JobTalk: The entrepreneur series

‘Give it a try’ says data company founder

'Give it a try' says data company founder
Datapine founder Martin Blumenau.
In our weekly feature series, The Local looks into a successful entrepreneur's life - the story behind his successes, major challenges and how being an entrepreneur changed him forever. This week, Sparsh Sharma talks to Martin Blumenau of Datapine, a young innovative company located in the heart of Berlin.

Datapine gives small and medium business owners the tools they need to take advantage of the data they collect. It allows non-technical users to explore, visualize and share data with their company or users, without needing any technical knowledge. 

How did you come up with this business idea?

The idea behind Datapine came up when my co-founder Jakob Rehermann and I experienced a problem in the company we worked in. While Jakob was mostly responsible for the business side of KPI reporting, I was responsible for the product but at the end of the day, we had one problem in common: we both needed to make a lot of data-driven decisions. As we aren’t developers, it was really hard, if not impossible, for us to get access to the  data that mattered – without involving our IT department, who were pretty busy themselves. 

We decided to solve this problem on our own by building a business intelligence and data visualization tool. We wanted to make sure it was affordable and that SMEs could use it even if they didn’t have tech savvy people. For this reason, our tool is easy and intuitive and it allows you to see and understand your data.

It's accessible, intuitive and affordable – so you can take decisions like a business giant.

What were the initial challenges? How did you overcome them?

When we started in 2012, founding a real tech start-up in Germany was not as popular as it is today.

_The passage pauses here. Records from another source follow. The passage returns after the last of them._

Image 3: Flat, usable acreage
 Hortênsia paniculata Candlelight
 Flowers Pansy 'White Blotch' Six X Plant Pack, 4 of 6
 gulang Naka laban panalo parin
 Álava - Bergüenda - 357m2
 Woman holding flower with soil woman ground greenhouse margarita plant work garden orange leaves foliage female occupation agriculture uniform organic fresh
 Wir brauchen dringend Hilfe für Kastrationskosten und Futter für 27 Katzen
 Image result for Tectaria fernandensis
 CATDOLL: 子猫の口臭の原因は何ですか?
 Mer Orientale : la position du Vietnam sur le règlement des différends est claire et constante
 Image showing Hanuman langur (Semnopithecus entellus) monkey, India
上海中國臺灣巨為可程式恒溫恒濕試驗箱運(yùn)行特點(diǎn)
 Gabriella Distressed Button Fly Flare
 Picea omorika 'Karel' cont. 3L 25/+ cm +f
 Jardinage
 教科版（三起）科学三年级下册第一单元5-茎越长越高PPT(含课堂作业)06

A lot of people asked us if Germany was the right place for building Datapine, whether going to Silicon Valley might be a better option.

In the beginning, we had to build a lot of trust with regards to the idea, the risk and the  passion, why and how we will make things happen. However, in my opinion, the most challenging part took place after raising our first round. Building the right team around the idea of Datapine wasn’t an easy task.

We really want our staff to love what they’re doing here. You can have the best idea or have a lot of cash in the bank but if you don’t have people contributing 100 percent to the start-up and its path to success, each day, you won’t succeed. We took quite some time to find the right talent and to build a great Datapine family. It’s a must if you want to beat your competitors out in the market.

How has the journey been so far?

Our journey so far has been incredibly fun and challenging, at the same time. It obviously had its ups and downs. After starting up in 2012-end, we launched our public beta phase in April 2013. We all pushed really hard and found out that there is a significant gap between having an idea, building a prototype and offering a product that actually brings value to customers. 

Already in Q1 2014, we launched the final product and since then experienced a real good market feedback. We have grown to three-digit users already. Also, having customers in more than 20 countries, including Fortune-500 companies makes us really happy. This motivates us on a daily basis to keep moving faster and pushing harder.

How has becoming an entrepreneur changed you, personally?

Being an entrepreneur, you have to quickly adapt to very fast changing situations, sometimes making decisions on the fly, and be responsible to drive the company and the team into the right direction. You have to welcome shifting trends and you have to position yourself to stay on top of all the changes, if you want to remain ahead of your competition. I guess the biggest change I can see, is that I have become generally comfortable with discomfort. You will find very insecure situations to be normal in your private as well as your business life.

Any other personal reflections and/or message to budding entrepreneurs?

The main recommendation I can give is: as long as you have a clear vision and a good value proposition, give it a try. Build a prototype, see if you can hit a market need and then focus on building a great team around your idea.